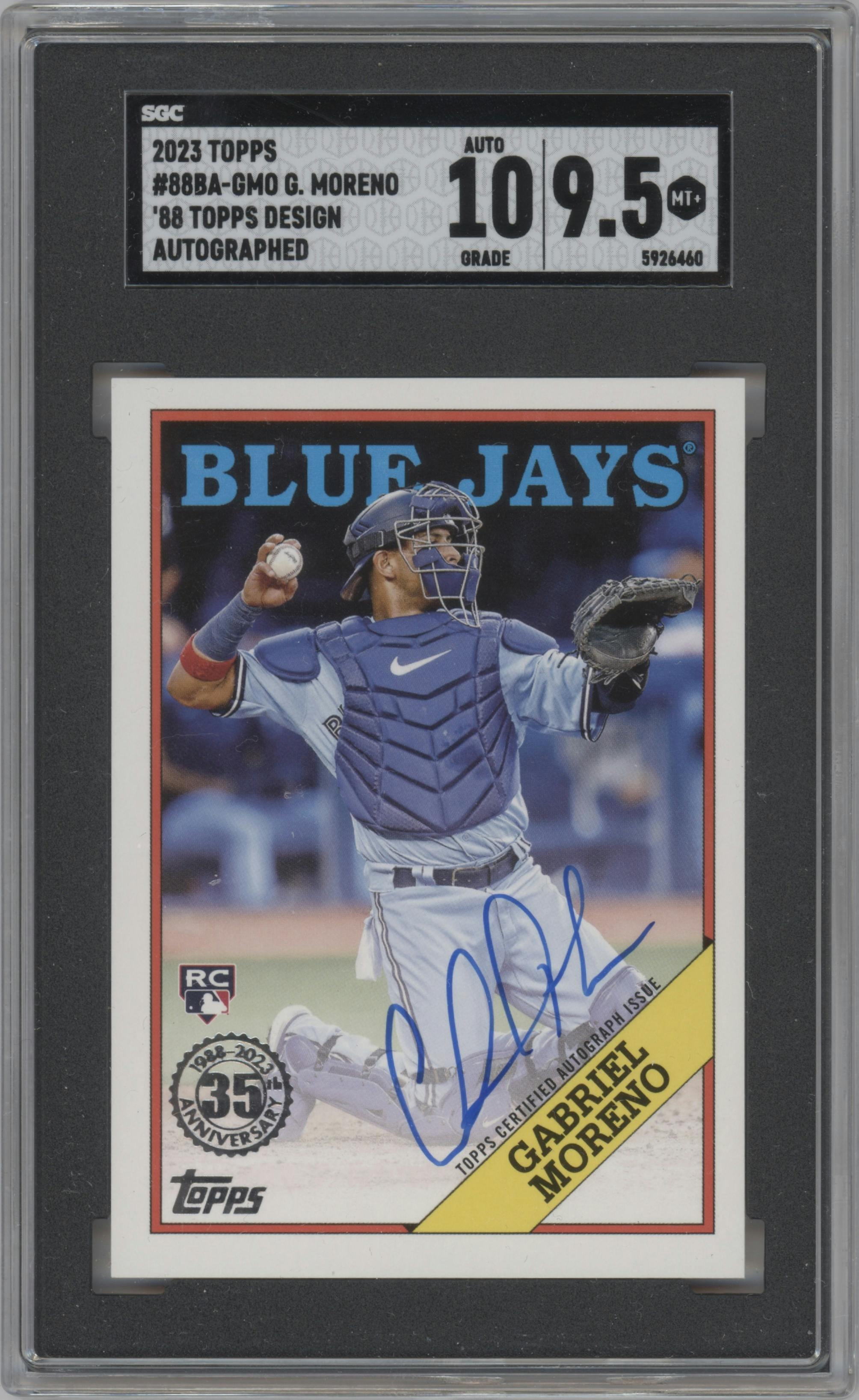Gabriel Moreno from the 2023 Topps Series 2 set graded by SGC and given an overall grade of 9.5.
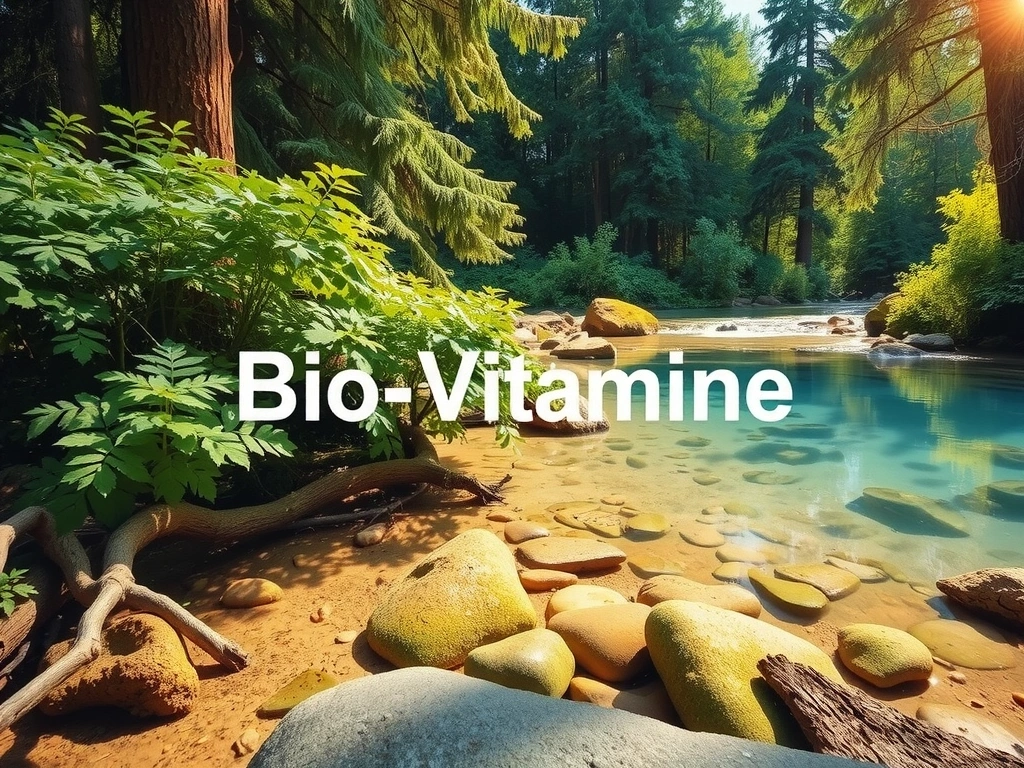 Peisaj natural seren, cu o pădure luxuriantă și un râu cristalin, simbolizând puritatea și originea naturală a ingredientelor Biovitaminecx.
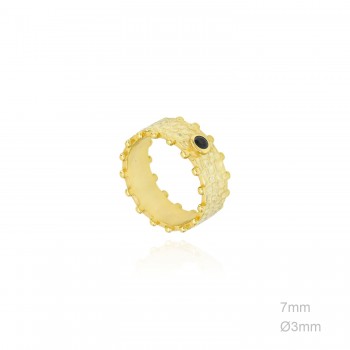 Anillo Dorado Ancho Bolitas...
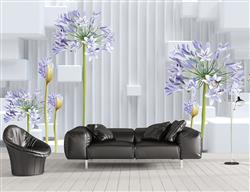تصویر 2 از گالری عکس گلهای بنفش و گلدان های سه بعدی در پس زمینه سفید طرح پوستر دیواری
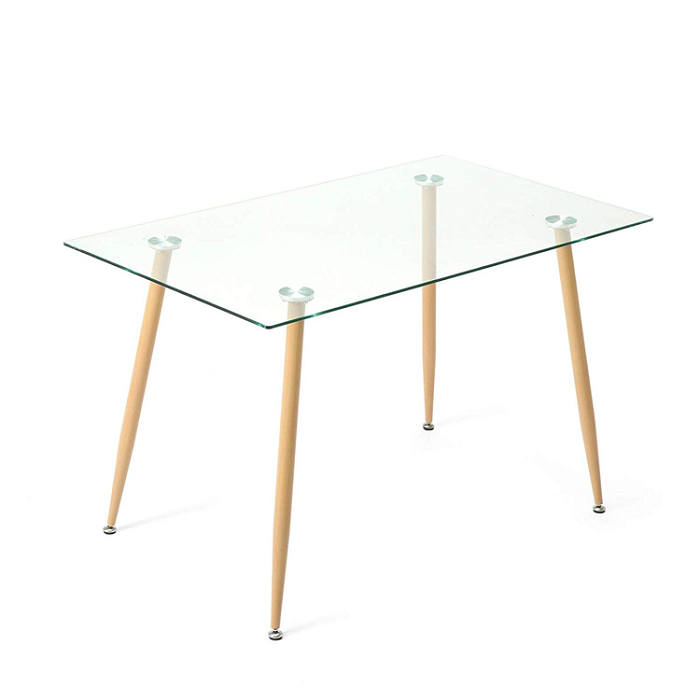 New Glass Top Dining Table with Beech Wood Legs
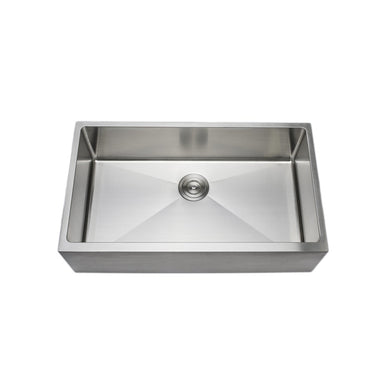 Wells Sinkware Handcrafted 33-Inch 16-Gauge Apron Front Farmhouse Single Bowl Stainless Steel Kitchen Sink-Kitchen Sinks Fast Shipping at Directsinks.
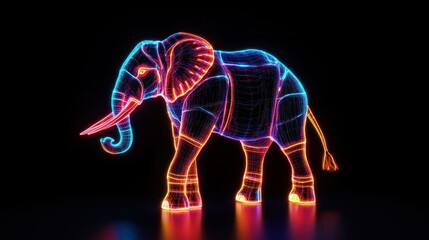 Obraz premium Neon elephant, dark background, digital art, wildlife, graphic design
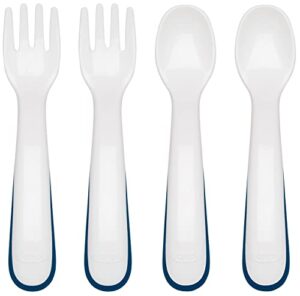 oxo tot plastic fork & spoon multipack - navy , 4 piece set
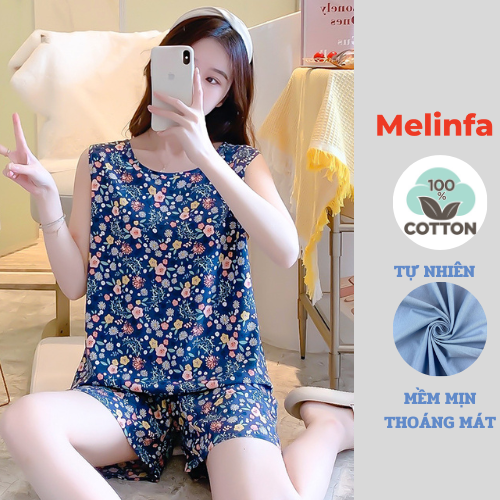 Bộ đồ ngủ ba lỗ mặc nhà nữ áo vải Cotton lụa tự nhiên mềm mại thoáng mát mặc mùa hè mã VABD0318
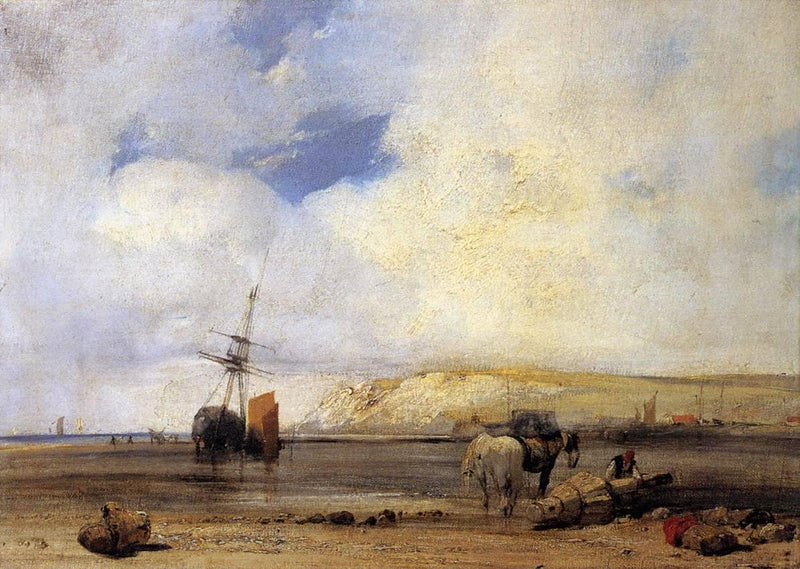 On the Coast of Picardy by Richard Parkes Bonington — Oil Painting Reproduction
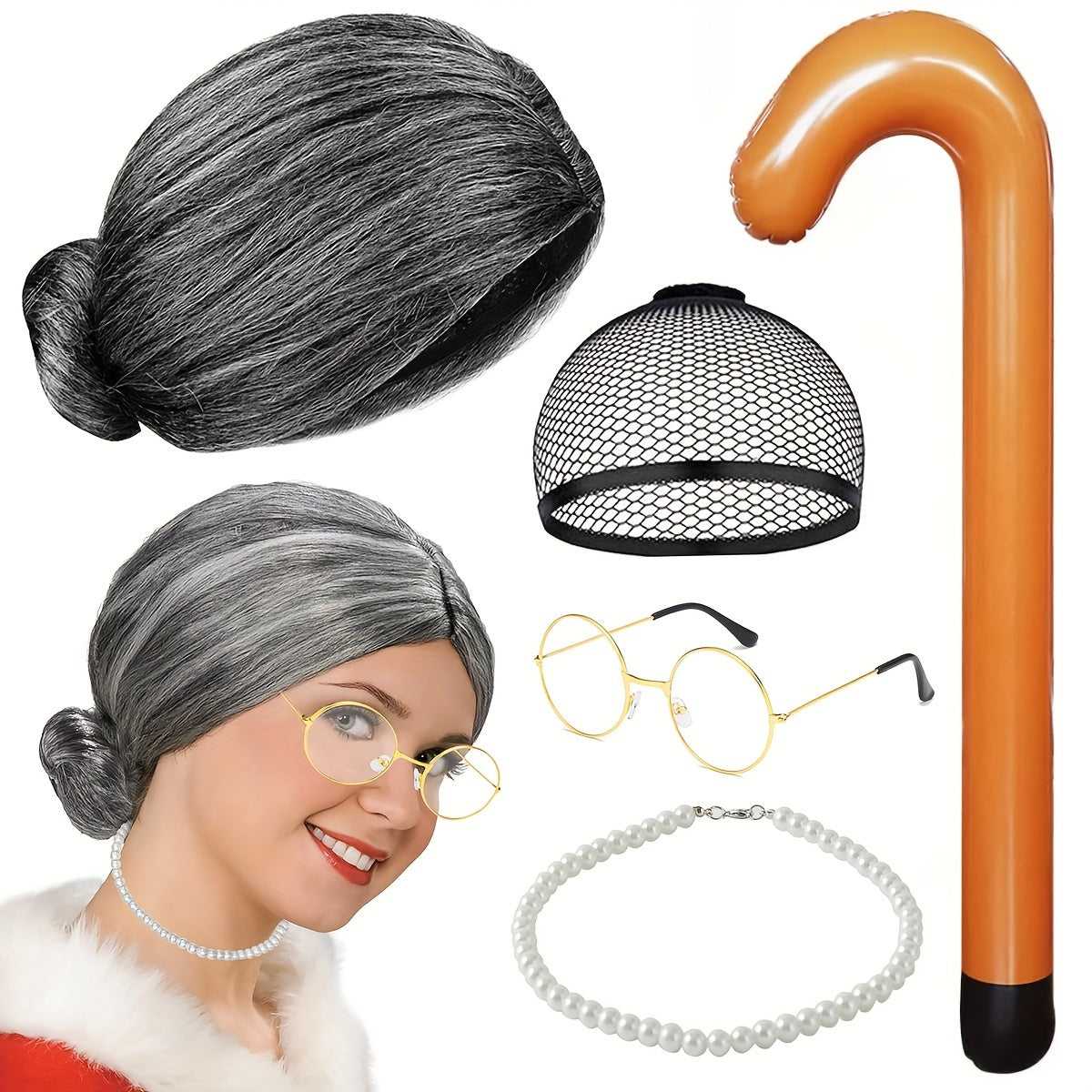 5pcs Grandma Cosplay Set Funny Old Lady Dress Up Set with Wig Caps Pearl Necklace Eye Glasses Crozier Chain Realistic Granny Costume Wig Old Lady Costume Set for Kids Halloween Masquerade Suitable for Teens, Suitable for Men And Women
···
TASK DIRECTIONS:
The exact lines from the beginning of the data through the one that contains "Bộ đồ ngủ ba" must be given again, both ends included, and pictures must be left out.

TASK RESULT:
Gabriel Moreno from the 2023 Topps Series 2 set graded by SGC and given an overall grade of 9.5.
 Peisaj natural seren, cu o pădure luxuriantă și un râu cristalin, simbolizând puritatea și originea naturală a ingredientelor Biovitaminecx.
 Anillo Dorado Ancho Bolitas...
تصویر 2 از گالری عکس گلهای بنفش و گلدان های سه بعدی در پس زمینه سفید طرح پوستر دیواری
 New Glass Top Dining Table with Beech Wood Legs
 Wells Sinkware Handcrafted 33-Inch 16-Gauge Apron Front Farmhouse Single Bowl Stainless Steel Kitchen Sink-Kitchen Sinks Fast Shipping at Directsinks.
 Obraz premium Neon elephant, dark background, digital art, wildlife, graphic design
 oxo tot plastic fork & spoon multipack - navy , 4 piece set
 Bộ đồ ngủ ba lỗ mặc nhà nữ áo vải Cotton lụa tự nhiên mềm mại thoáng mát mặc mùa hè mã VABD0318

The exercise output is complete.